A letter to Ken Kjenstad, chairman of the Thompson Regional Health Board, from the co-chairmen of the Closer to Home Funding Committee (CTHF), on the Ministry of Health letterhead, stated the proposal from the Clearwater area was not recommended by the Ministry’s CTHF assessment committee as, “while recognized as an effective emergency services program, did not address the basic CTHF criteria of hospital to community shift or reduction of acute care utilization and a major portion of this proposal was for equipment.”


“It was really overwhelming for me, a guy who doesn’t seek a lot of attention,” said Jim Munn. That was how the Clearwater Forest District manager described a retirement celebration held in his honour on Saturday, June 3 at Clearwater ski hill.

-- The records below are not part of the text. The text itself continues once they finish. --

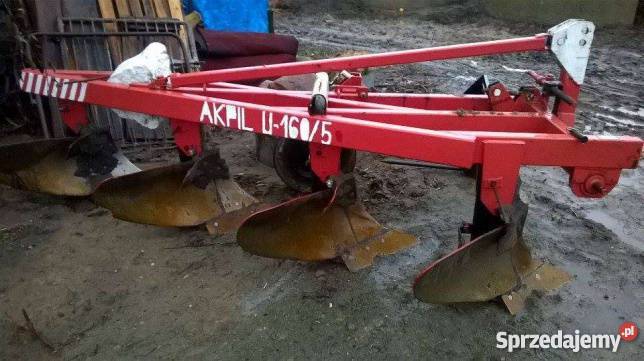 Pług Akpil 4 skibowy wielkopolskie Pniewy sprzedam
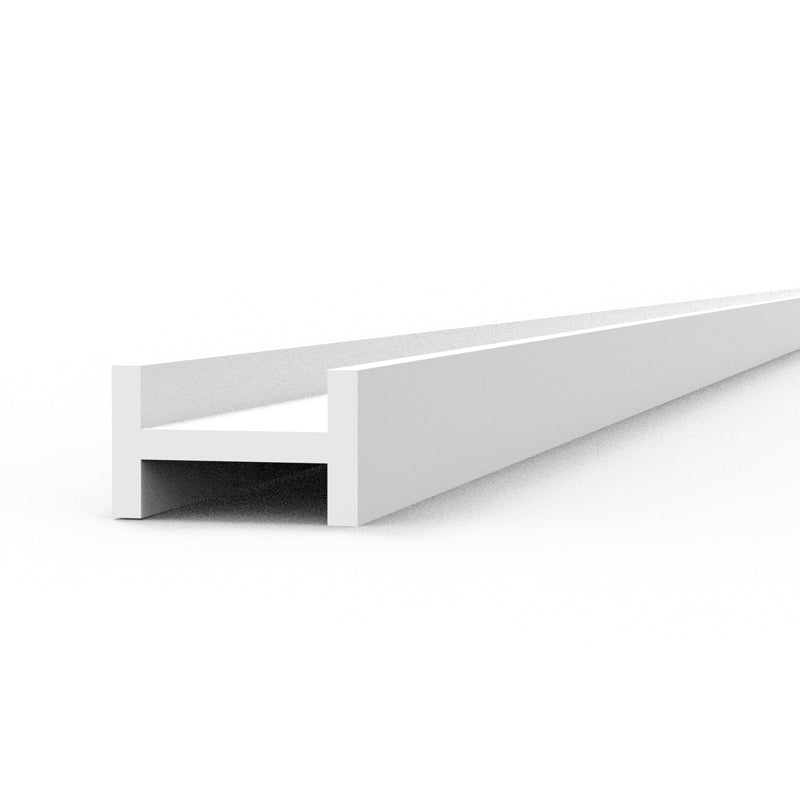 AK Interactive AK6565 BEAMS I SHAPE 2.50 x 1.50 x 350mm – STYRENE – (4 units) – zdjęcie 2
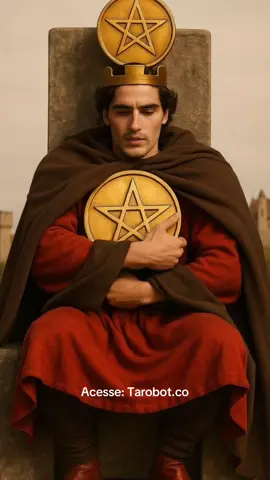 🌛 Acesse nosso tarô on-line: tarobot.co / Se por um lado indica uma fase de grande segurança e estabilidade, o Quatro de Ouros também pode alertar para a sensação de posse e apego excessivos. Não vale a pena tentar segurar com força só porque já viveu ou teme viver outro momento de escassez. Aproveite o que você ganhou do universo, sem sentimentos de posse. #tarotonline #tarô #tarotbrasil #tarotleitura #cartastarot 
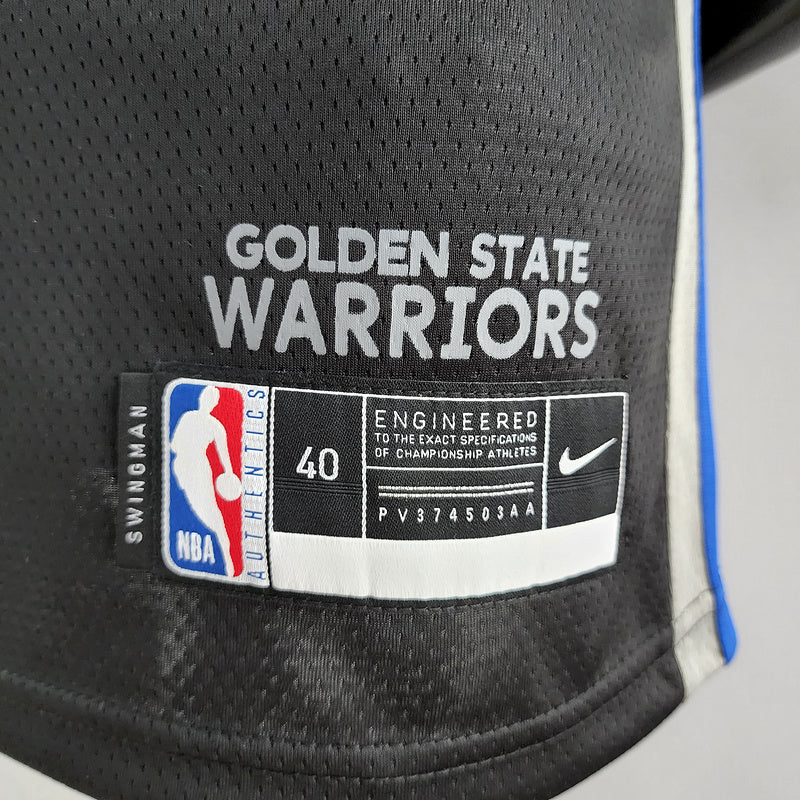 NBA Golden State Warriors THOMPSON 11 black and grey
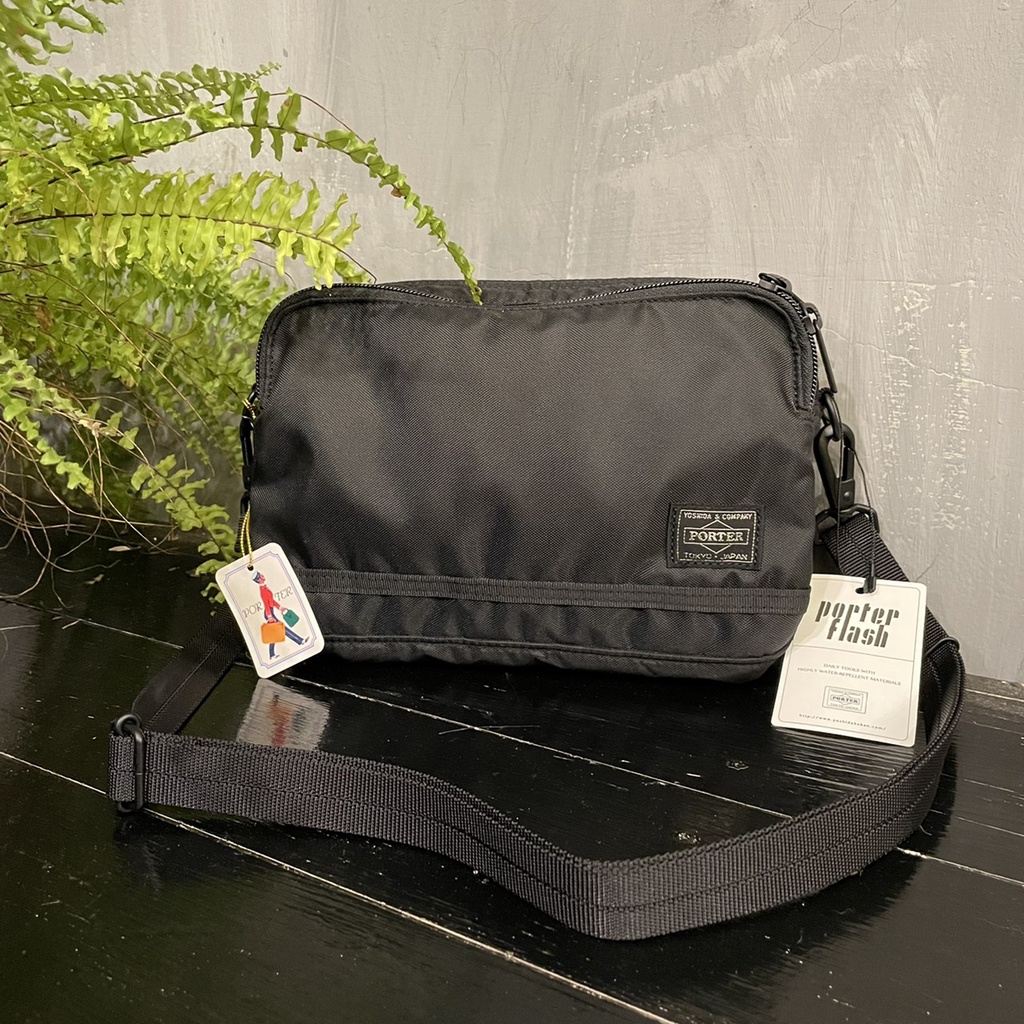 {FLOM}日本正品 PORTER FLASH 689-05940 斜背包 肩背包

Guests at the event included visitors from various locations all over the province where Munn served during his 32 years with the B.C. Forest Service. Displays on the wall held photographs showing the various locations where he had worked and his various hobbies and interests.

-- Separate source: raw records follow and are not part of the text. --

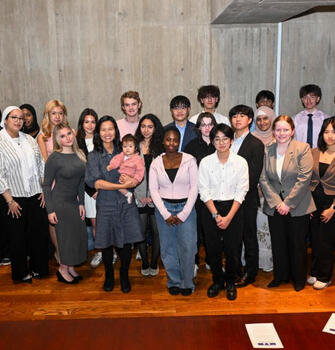 The 31st cohort of the Mayor’s Youth Council includes 20 high school students from schools across Boston who will represent their peers in City government.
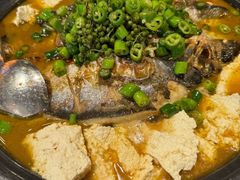 -探鱼·鲜青椒爽麻烤鱼(银泰城店)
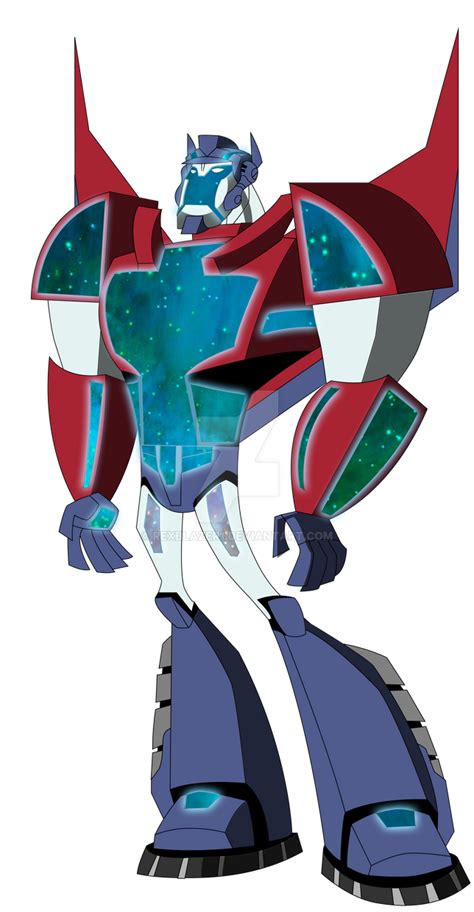 Transformers Animated - Optimus Prime I (Aligned) by RexBlazer1 on DeviantArt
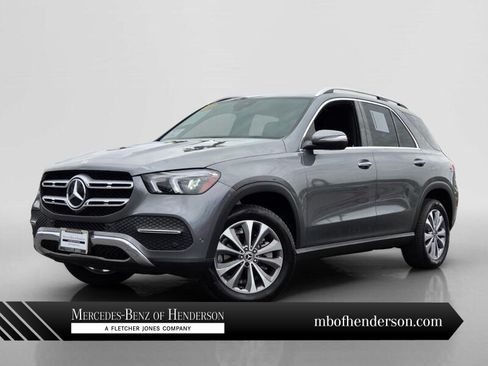 Certified 2022 Mercedes-Benz GLE 350 4MATIC w/ Premium Package image 1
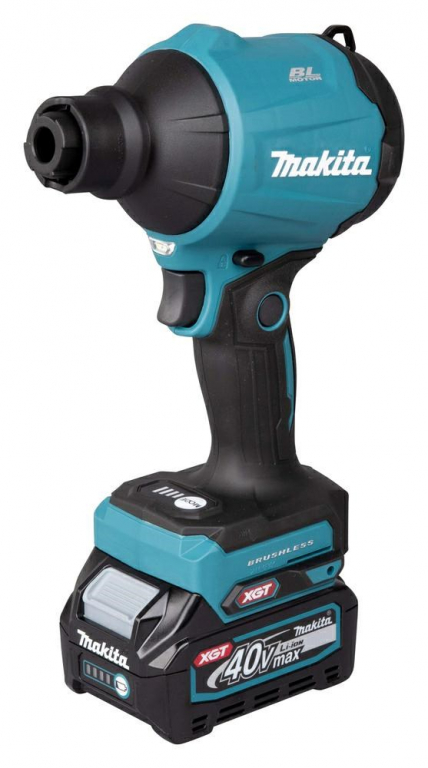 Makita AS001GZ cordless leaf blower Black, Blue 40 V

Two women from the North Thompson Valley had taken on important jobs with the British Columbia Women’s Institute, according to a press release. At the institute’s triennial conference held in Penticton Elsie Karl of Little Fort W.I. was elected president, while Wanda Richter of Blackpool’s Star Lake W.I. was voted Vice President.

Guest speaker at the conference was the president of the Federated Women’s Institutes of Canada, Margaret Yetman from Newfoundland.

A committee was continuing to work on a history book. One Hundred Years of Women’s Institutes in British Columbia, to be completed by 2008.


Clearwater and District Chamber of Commerce had its president resign. Former president Steve Pelton announced before a chamber meeting he was resigning. Pelton said he was too busy setting up a new sawmill in Crescent Spur to continue as president.

Pelton had been president for two years before, was away from the Chamber for about five years, and then returned to become president in 2009 and again in 2010.

One project Pelton led while president was the Shop Local campaign undertaken in cooperation with the Times. Nearly all the storefront businesses in Clearwater were given short profiles in the paper that outlined what they sold and why people should shop there.


‘Growing Tourism together’ was the theme for a gathering of industry leaders and stakeholder held at the Dutch Lake Community Centre. Thompson Okanagan (TOTA), president and CEO Glenn Mandziuk, team members, and Tourism Wells Gray co-hosted the session, with representatives from Valemount to Barriere in attendance.

Mandziuk stated the Thompson Okanagan was one of the leading tourist destinations in the world. In 2010 tourism generated more than $1,7 billion to the regional economy, attracting 3.5 million visitors per year, with tourism employing roughly 15,000 people in this region.


Wells Gray Search and Rescue (WGSAR) held a grand opening and open house to show off its new facility. “It’s great; it’s been many years in planning, this building, and to finally have a building of this size and quality is just fantastic,” said Gy Ovenden, member of WGSAR.

“The old building was pretty small. If we wanted to train we had to move all the furniture to have enough space, so this is fantastic because we have all the space we need.”